● WHAT IS EXPECTED
Write all entries out exactly, images excluded.
══════════════════════════════
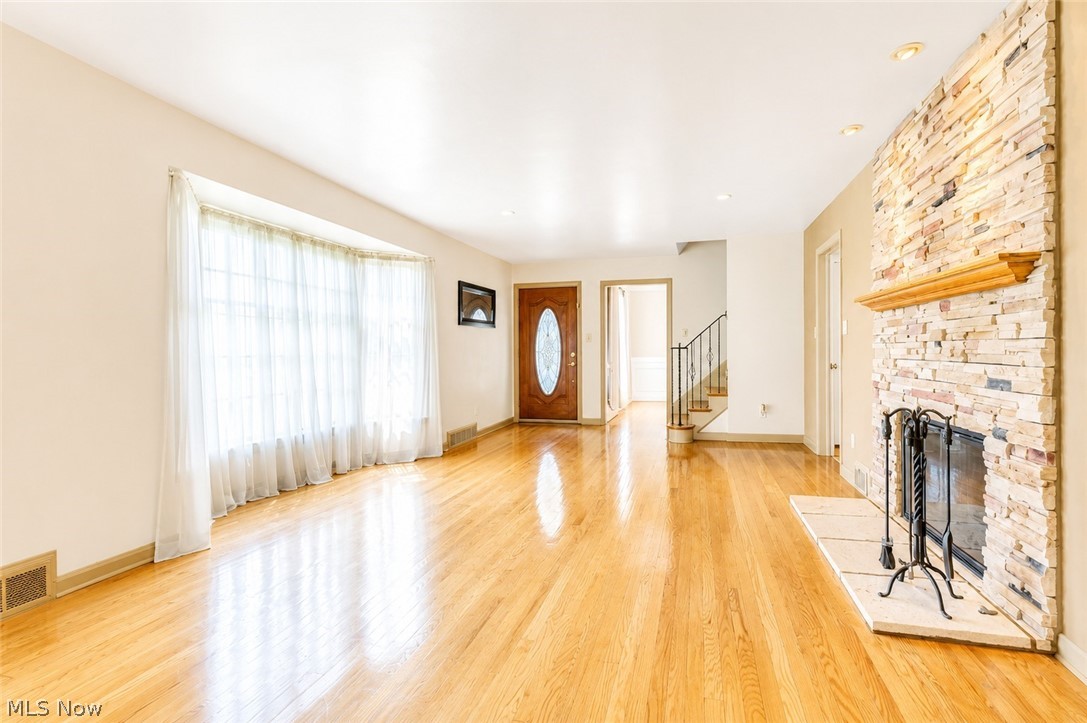 142 Bexley Drive Bedford OH 44146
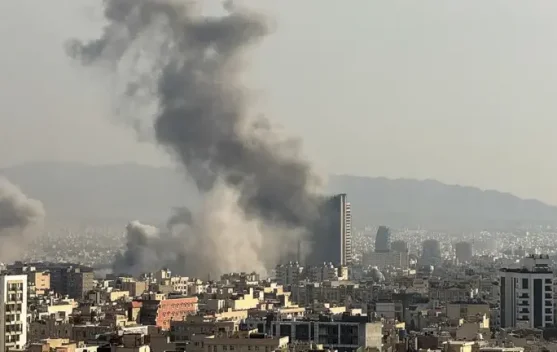Bara di Teluk Belum Mereda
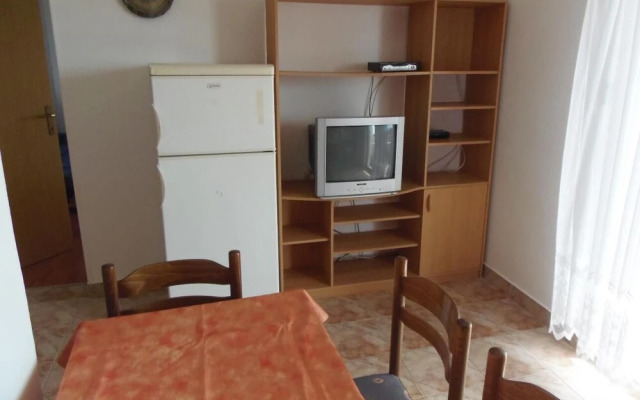 Zoki - Free Parking - A1 Mali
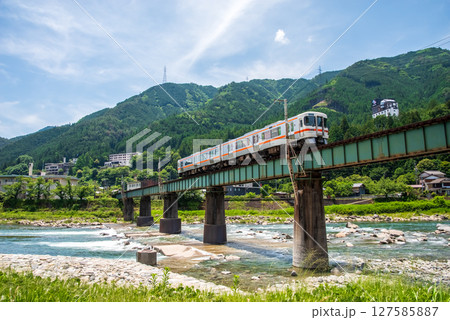 下呂温泉を行くJR高山線普通列車 127585887
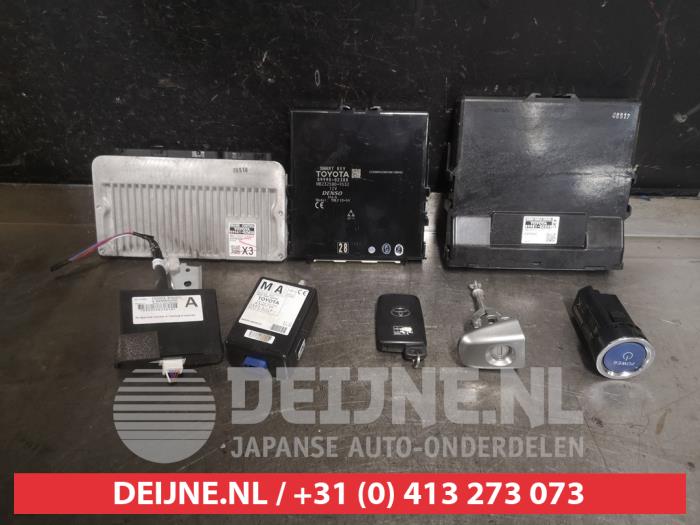 Toyota Auris Steuergerät Motormanagement O544576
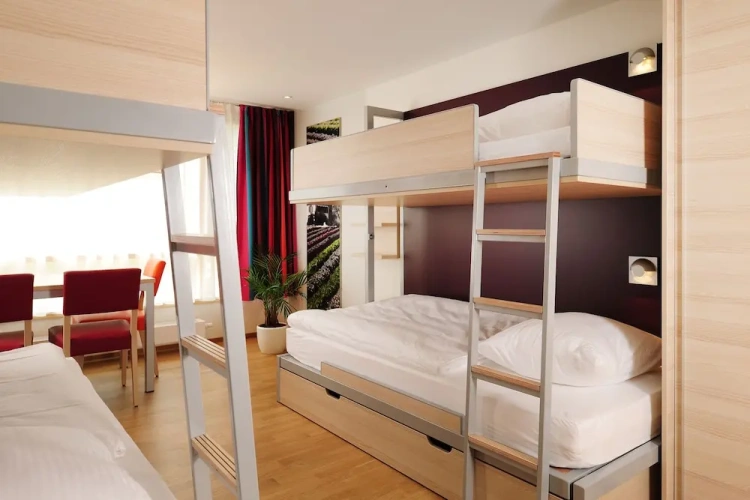 Standard Quadruple room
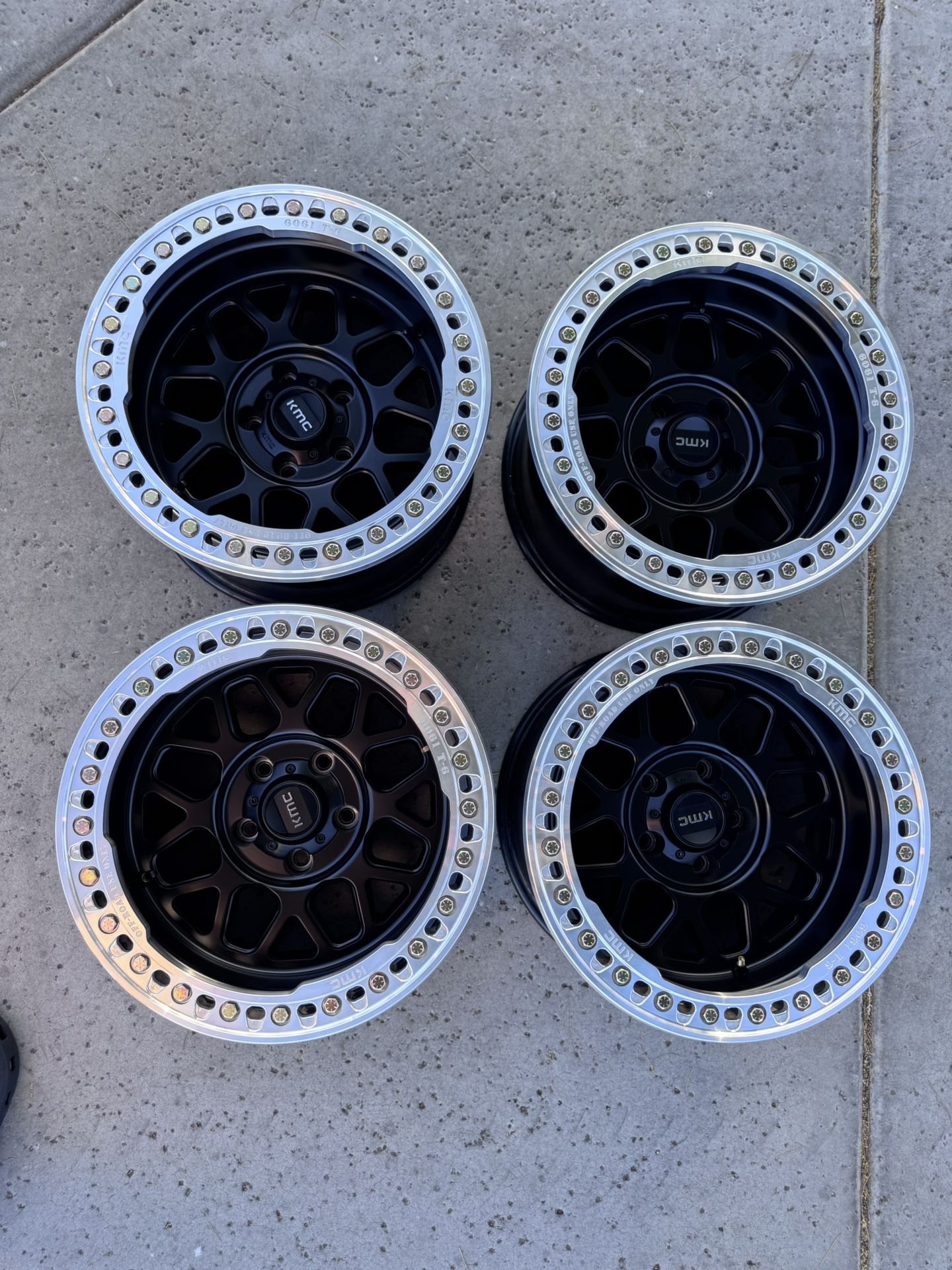 Kmc Grenade Crawl Beadlock Wheels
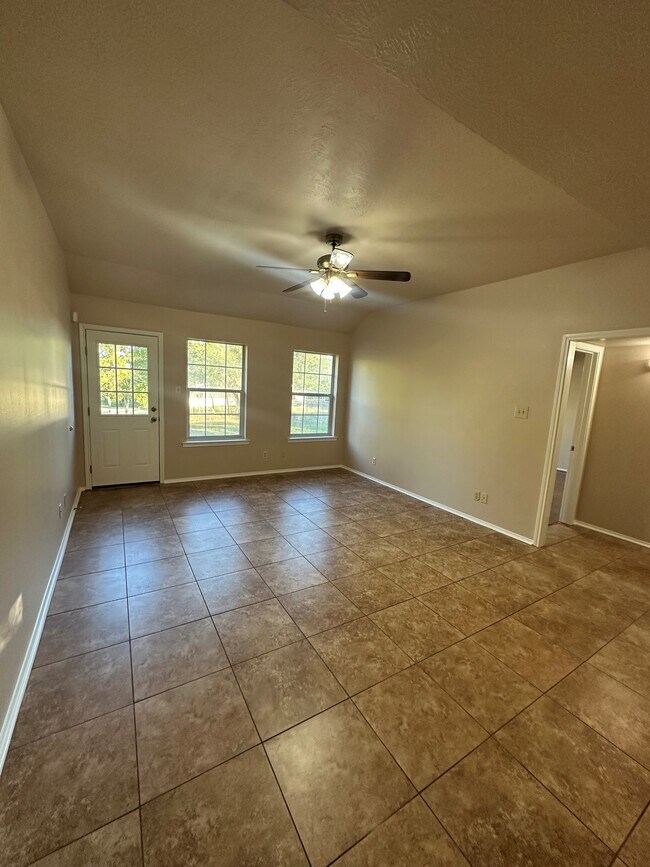 2309 S Austin St in Brenham, TX - Building Photo - Building Photo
══════════════════════════════
● RESPONSE
 142 Bexley Drive Bedford OH 44146
Bara di Teluk Belum Mereda
 Zoki - Free Parking - A1 Mali
 下呂温泉を行くJR高山線普通列車 127585887
 Toyota Auris Steuergerät Motormanagement O544576
 Standard Quadruple room
 Kmc Grenade Crawl Beadlock Wheels
 2309 S Austin St in Brenham, TX - Building Photo - Building Photo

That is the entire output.